А так у него будет шанс.
Он поймет.
Возможно.
Снова выдох. И глубокий медленный вдох. Сломанная рука отвлекает, но… ничего, Тельма справится, она задвинет и боль, и страх, и прочие ненужные эмоции.
Она не позволит навредить своему Зверю.
И все сделает быстро.
Здесь.
Там же время не имеет значения.
Как и то, что когти Тео пропороли кожу.
Плевать.
Вдох.
И ее ладонь нащупала бледную руку Тео. Накрыла. Легонько сжала.
Выдох.
Падение-полет.
Последний из полетов из яви в сон.
…темно.
…но Тельма больше не боится темноты.
Сыро.
Холодно… как же здесь холодно. И бледный огонь в камине не способен согреть. Пламя перекатывается, от камня до камня, и камни эти подергиваются беловатым налетом инея.

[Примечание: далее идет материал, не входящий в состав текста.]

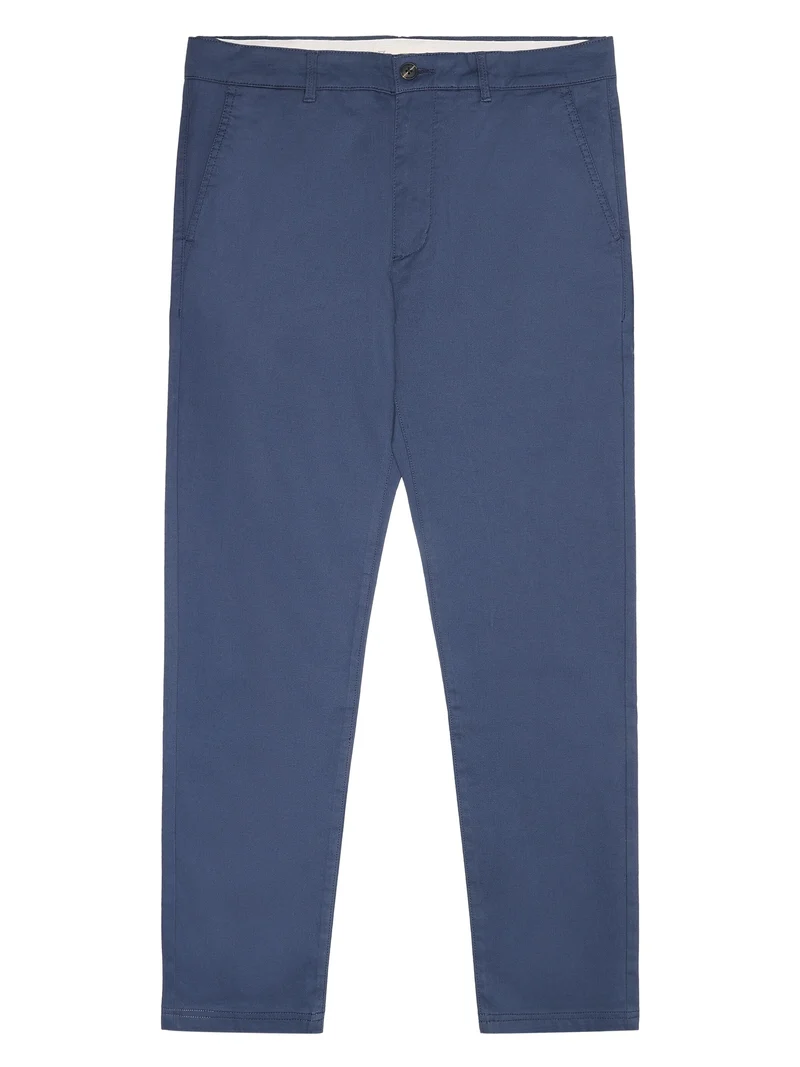 Chuck Regular Canvas Pants vintage indigo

И худенький мальчишка засовывает в огонь руки, но не получает и капли тепла.
— Что ты натворила? — он оборачивается к Тельме.
Тео? Наверное, здесь у него другое имя, но человеческий язык слишком груб, чтобы совладать со всеми гласными правильно.
— Вытащи нас.
— Не получится, — Тельма садится на грязный ковер. — У меня больше не осталось сил.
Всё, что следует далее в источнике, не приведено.